Day 49 hit and I decided that I was going to eat what I wanted for supper, I made a fierce mushroom omelet and didn’t worry about counting points. Don’t worry, it turned out to be only about a 26 point supper which is what I normally have. I had weighed in and still lost. I lost .8 pounds, not much but I still lost, that may catch up to me on weigh in day Day 56, we will have to wait and see, but I cant let that get me down there will always be setback and roadblocks to my goals. Day 49 was a good day for another reason; I paid off another charge card, whoo hoo. I decided that I was going to eat out for breakfast the following morning. Not the best decision I have made, I had one slice of breakfast pizza and one cup serving of cheesy hash browns, that cost me 20 points, OMG 20 points, I almost had a fit, lol. But I ate light the rest of the day and it balanced out. I learned that I should not go overboard but if I do it is completely manageable with a little self control. On my journey, I have a lot of celebrations to come…I hope, and I have to find a way to celebrate without food or drink. Which I think will be harder than losing weight at times.

Days 44-46, A “Weak” in Review

I haven’t blogged in a few days so I probably should to before I forget what’s going on and what I’ve been struggling with. I’m currently on day 50, it’s Thursday March 4, and I can physically feel my willpower and motivation waning, kicking me in the nuts and headed out. I don’t know for 100% percent certainty what it is, but I have a clue. Bread, alcohol, and cheese are at least partially to blame I think, the rest, lies solely on me and my poor choices. On night 44 I decided I was not spending another night at home playing Farmville or cafĂ© world, I just couldn’t, because honestly how am I ever going to meet someone at home online who isn’t a creeper. I decided to go out. I got ready and left, I didn’t know where I was going until I was on the interstate headed towards Iowa City. I had decided to go out. I made ended up in Cedar Rapids and thought I could have a couple drinks, I only had 2 drinks and 3 shots, not to bad I still had my will power and motivation. I had not eaten out. Flash forward to Saturday day 45, I my good friend made me lunch…cause I slept through breakfast and I are out for supper, dun dun dun. I know right, but I made good choices; I had Subway no cheese no mayo only ham, veggies, and honey mustard on the wheat. I had baked chips not the bad ones, I think I did pretty well. Until I got to the bar, I hadn’t let loose in so long or had any kind of fun I think I probably had 5 drinks and 10-14 shots. I don’t feel bad about it because I had fun and I needed it. Though, I need to learn how to balance losing weight, living healthy, and being able to socialize with friends without going overboard.
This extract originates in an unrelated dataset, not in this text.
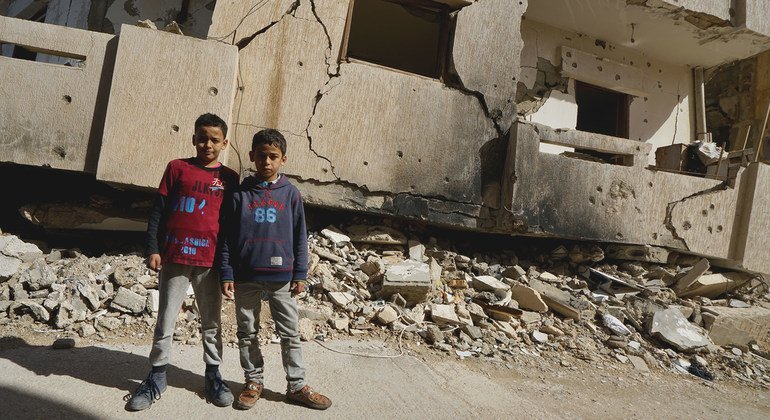 طفلان يقفان أمام مبنى مدمر في بنغازي (من الأرشيف)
I did have a few to many which led to the lasagna incident on Sunday morning where I had 3 servings of homemade lasagna. It was GOOOOD. I don’t feel bad or guilty about it, nor do I regret the poor choices I made because tomorrow is a new muther fuckin day and each new day comes with new choices. By no means is this an end to my new lifestyle, I have a long hard road to go, I cannot let a span of 12 hours that just happened to cross 2 days ruin my outlook or my goals. I have learned from this experience that I cannot be perfect all of the time with food and drink, and that only makes me human.